UK Financial Watchdog Says Wirecard Cooperative But Assets To Stay Frozen 


The United Kingdom’s regulatory authority said Wirecard AG was correcting issues raised by the $2.1 billion accounting scandal, but restrictions on the collapsed German payments company will stay, Reuters reported.

“We cannot lift the restrictions without reassuring ourselves that the firm has been able to satisfy all our concerns, for example that all clients’ money is safe,” the Financial Conduct Authority (FCA) said in a statement. “We hope to be able to issue an update soon.”

A number of British FinTech firms have suspended services following the FCA’s restrictions on Wirecard, leaving hundreds of thousands of accounts blocked, the news service reported.

Wirecard said over the weekend it would continue to operate in all but one of its European locations as the court considers the company’s insolvency request.

A Wirecard spokeswoman said the firm was working with the FCA to lift the suspension at its Newcastle, England location as quickly as possible.

The FCA said it is working with Wirecard and other international and U.K. authorities.

The report said firms such as Pockit, the London-based financial technology company that offers an alternative to traditional banks, and U Account, the Sheffield, England digital bank, a subsidiary of subprime lender Morses Club PLC that provides finance to poorer clients, are among those hardest hit.

Government officials have said anyone locked out of receiving welfare payments should contact its helplines.

The Emerging Payments Association (EPA), an industry trade group, urged the FCA to lift its Wirecard freeze as soon as possible.

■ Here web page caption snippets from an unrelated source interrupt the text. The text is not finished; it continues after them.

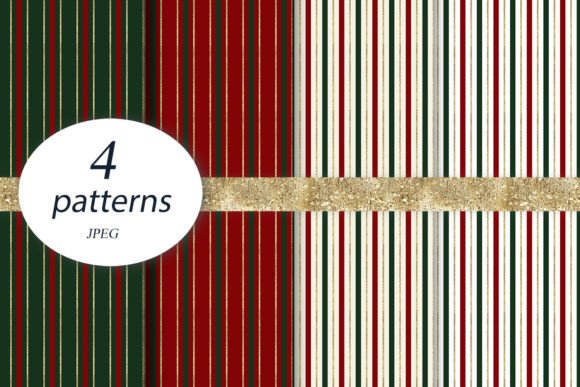 Christmas Red-green Patterns: A Versatile Design Asset for Creative Projects
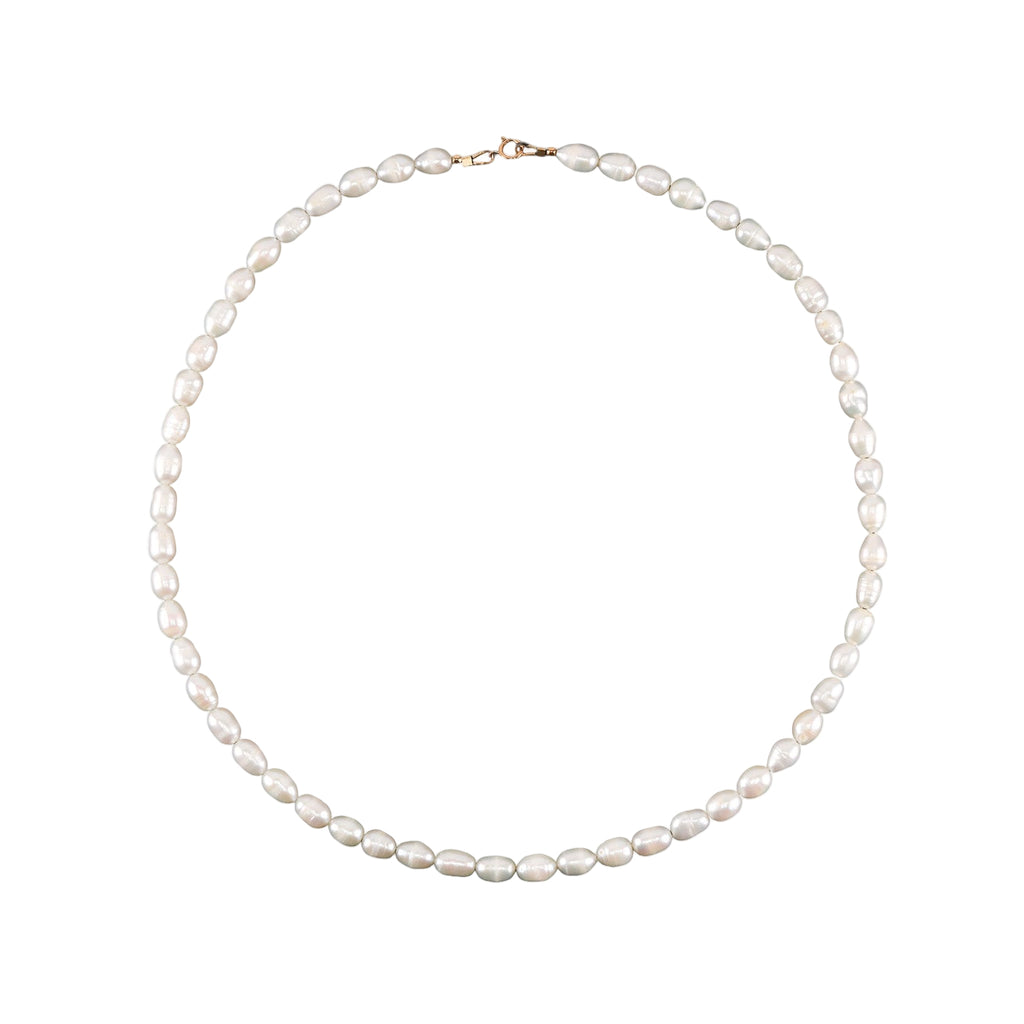 The Minimalist Baroque Rice Pearl Layering Choker Necklace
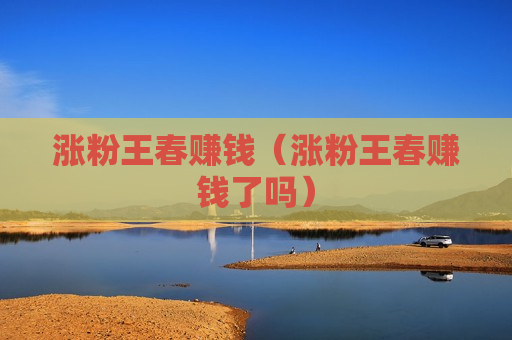 涨粉王春赚钱（涨粉王春赚钱了吗）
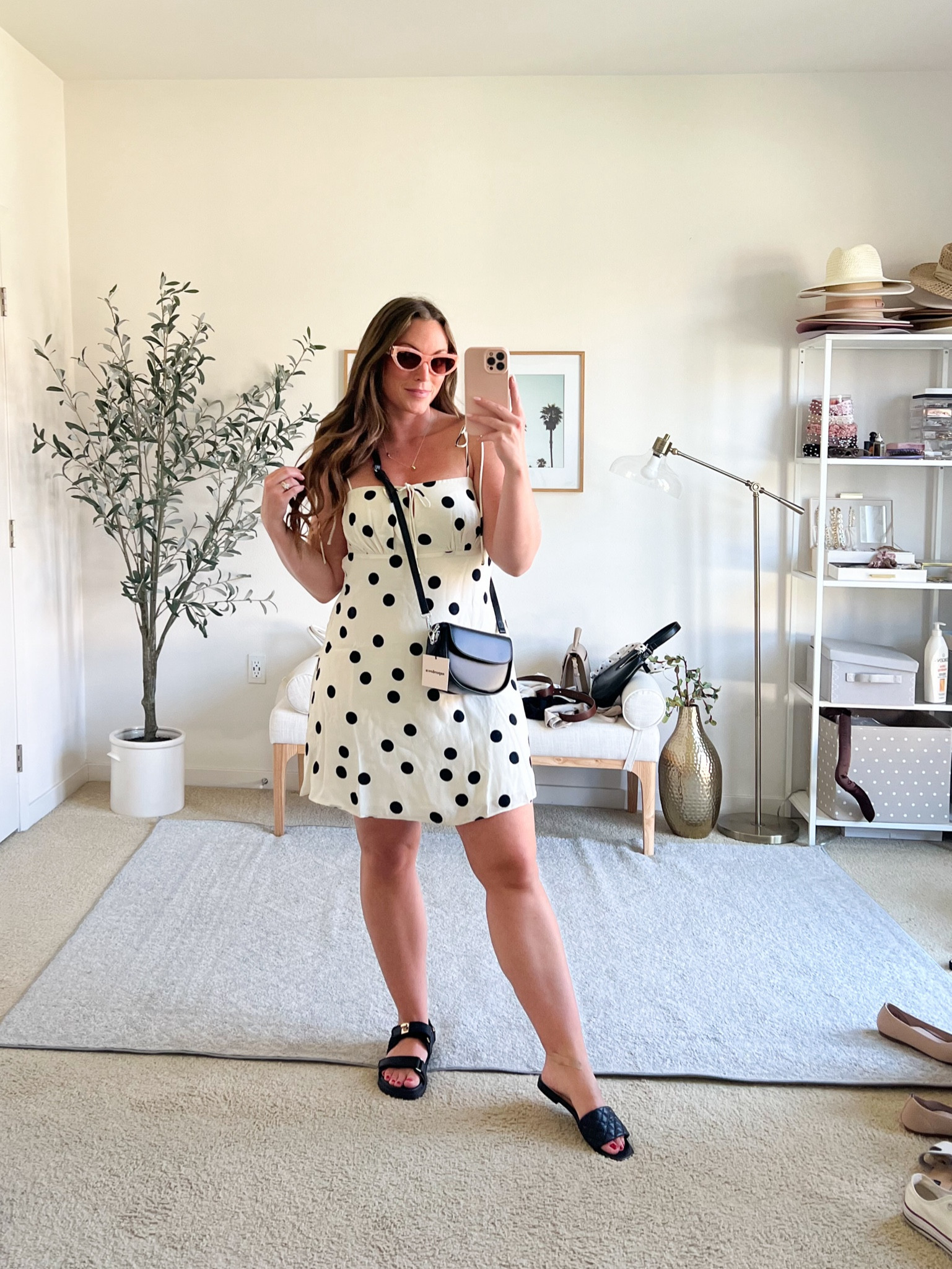 Italy outfit inspo 🇮🇹 
Love this polka dotted dress, wearing a size large for a little added length!
Either sandal works 🙃

#LTKMidsize #LTKStyleTip #LTKSeasonal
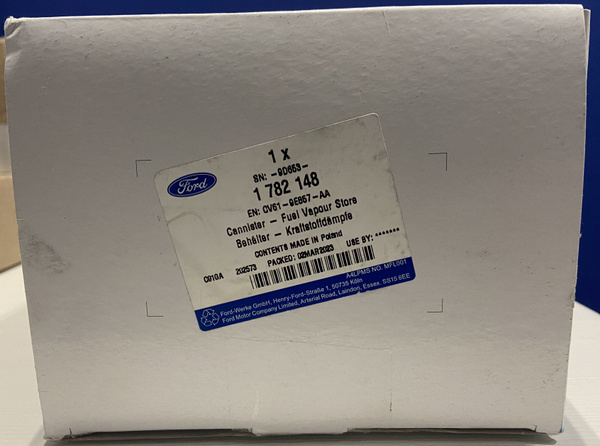 Адсорбер паров топлива Kuga 2 с 2014 года выпуска 1782148. - Ford арт ...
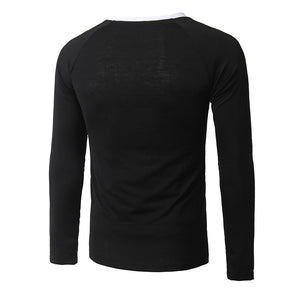 Solid Color Sweatshirts - Round Neck Black Grey Sweatshirt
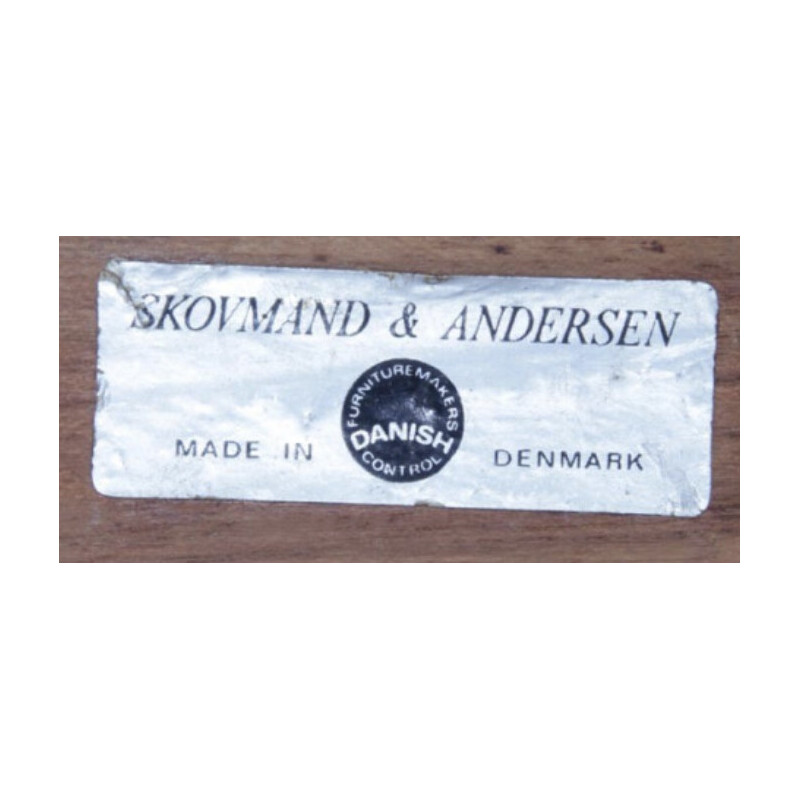 Mesa vintage escandinava de palisandro de Skovmand y Andersen, Dinamarca 1960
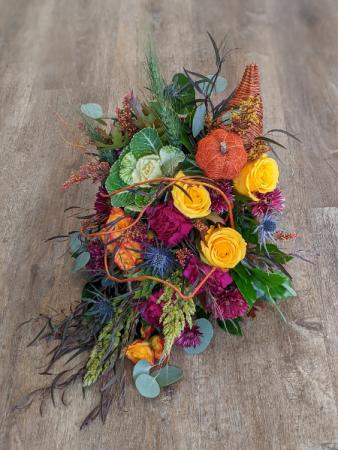 Cornucopia Designers Choice Autumn Centerpiece
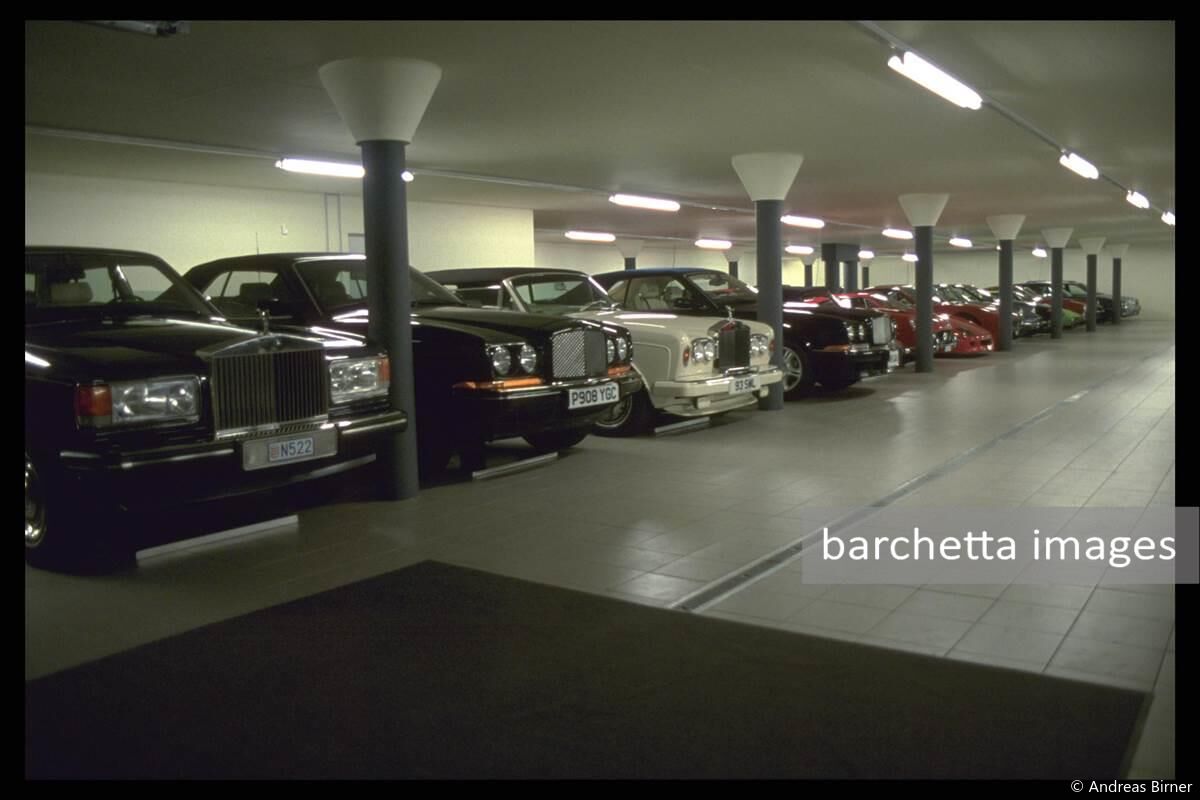 "British section" of Pichler's underground car park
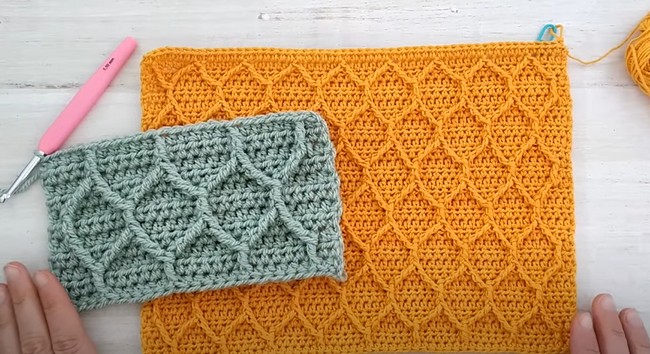 Crochet Honeycomb Textured Stitch Tutorial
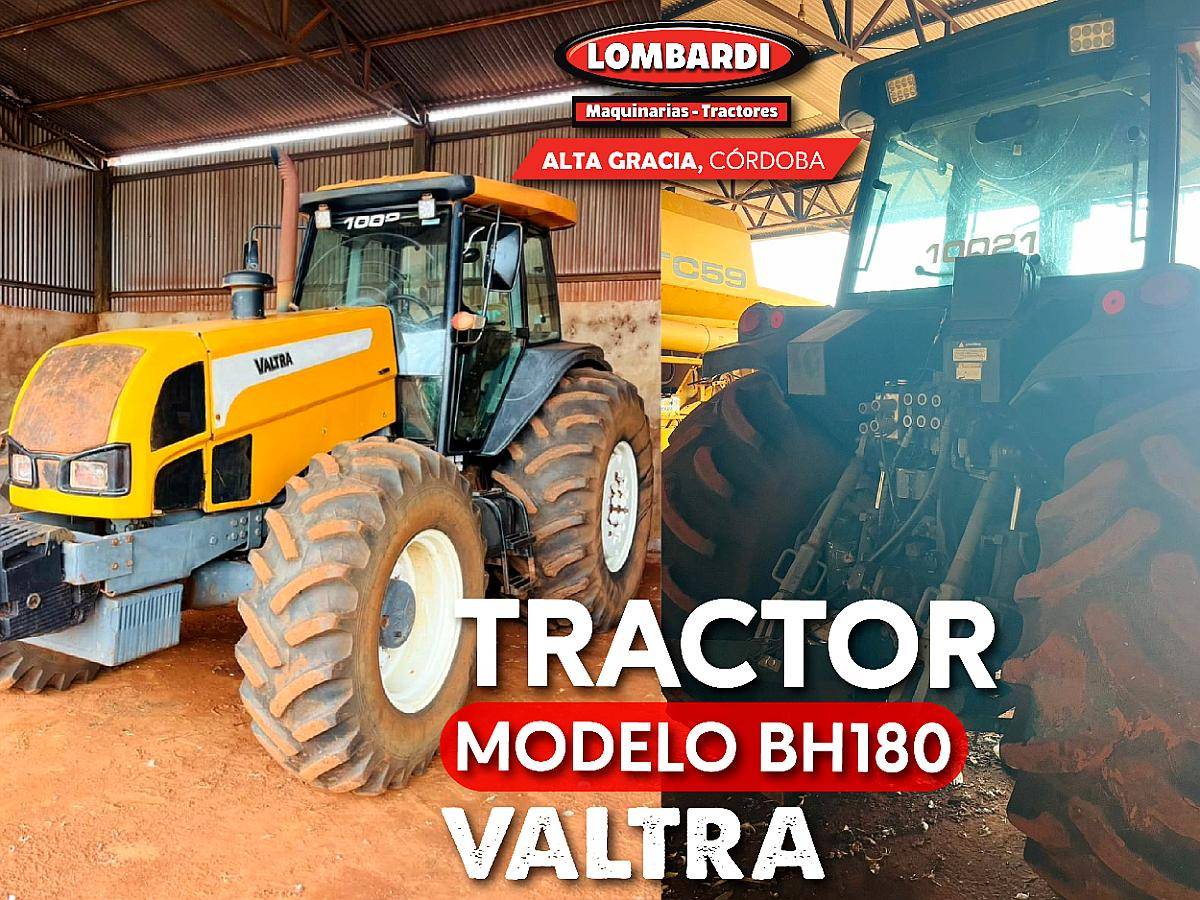Tractor Valtra BH 180 para Importar de Brasil + Impuestos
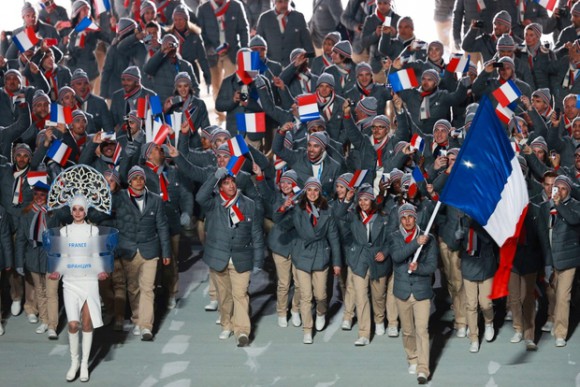 Ceremonie d'Ouverture - Equipe de France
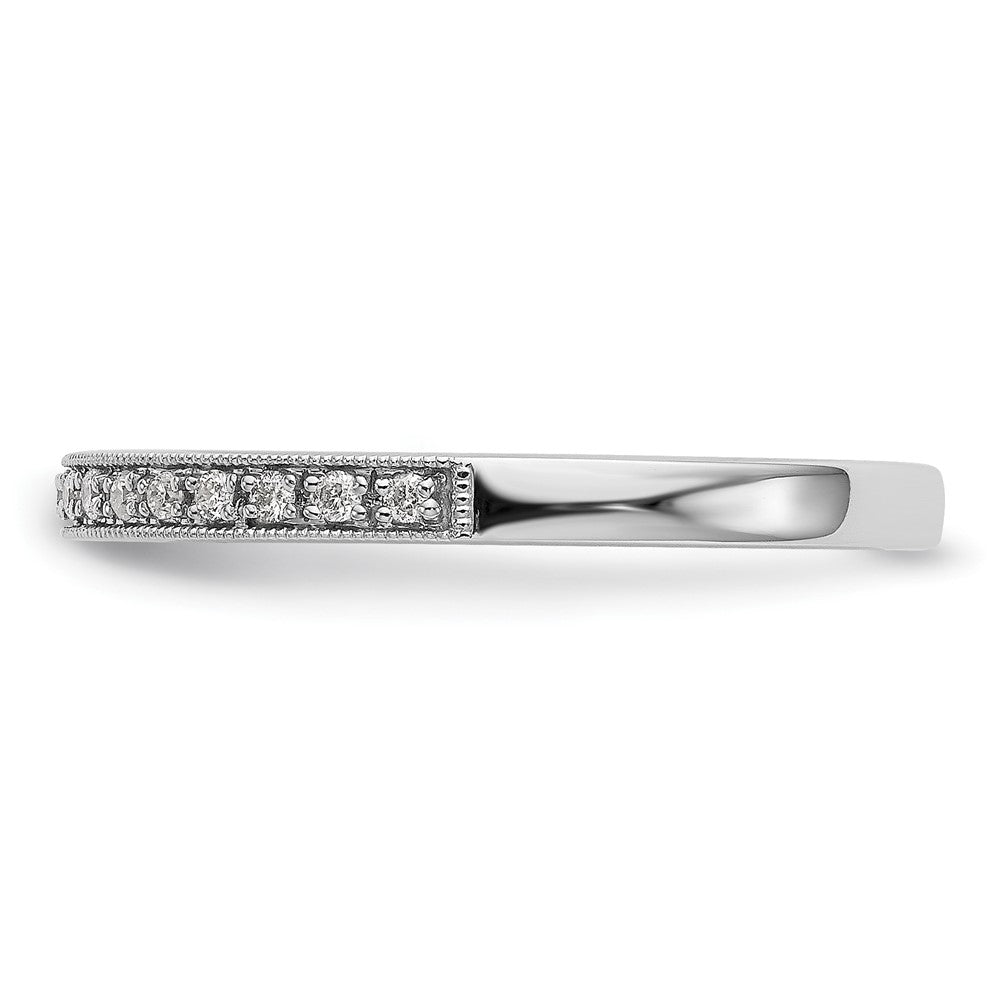 14k White Gold Round Real Diamond Set of 2 Wedding Band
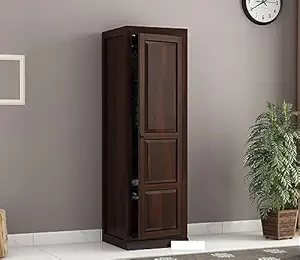 KARINA FURNITURE Wooden Wardrobe for Clothes | Sheesham Wood 1-Door Wardrobe with 2 Drawer Storage | Solid Wood Large Cupboard Almirah: Storage Cabinet for Your Living Room/Bedroom/Kitchen (Design 72)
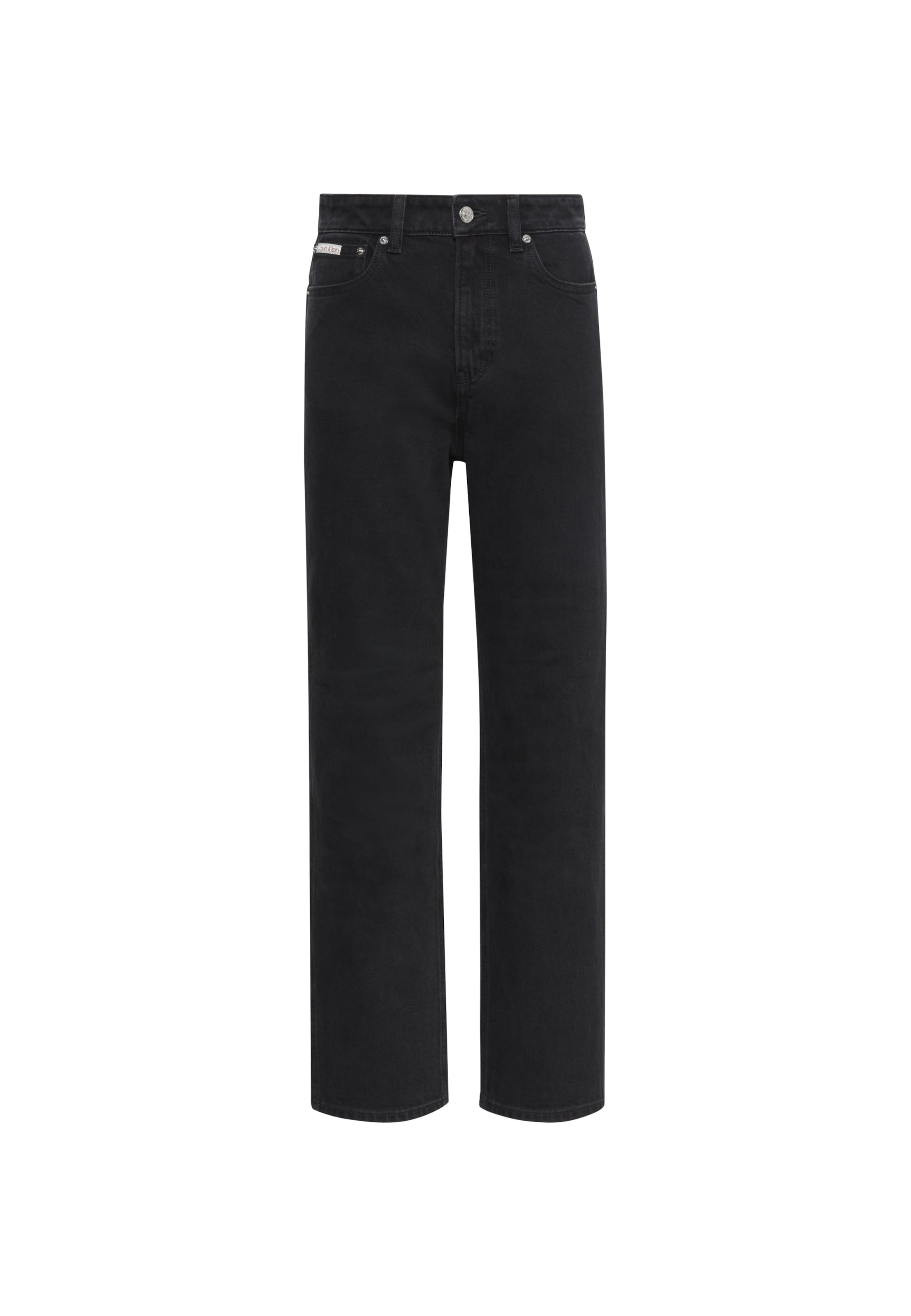Calvin Klein Jeans Slimfit Τζιν σε μαύρο: μπροστά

“We predict dozens of corporate failures, hundreds of job losses and significant reductions in tax payments, unless it is removed right away,” the EPA said in a letter to the FCA, Reuters reported.

Martin Lewis, founder of Money Saving Expert, a consumer website, told the news service there was a reasonable expectation that consumers affected would get access to their money by Thursday.

Wirecard has been in the middle of a storm for nearly two weeks since auditors could not find missing deposits the company said had been deposited in two Philippine banks. Markus Braun, Wirecard’s founder and CEO, was arrested last week on charges of manipulating the market and misrepresenting accounts. He has denied any wrongdoing, posted bond and was released.

As reported in this space Monday (June 29) the Financial Times sounded the alarm over Wirecard in an early 2019 article that said the company had forged documents connected to Wirecard’s Asian business in a bid to mislead regulators.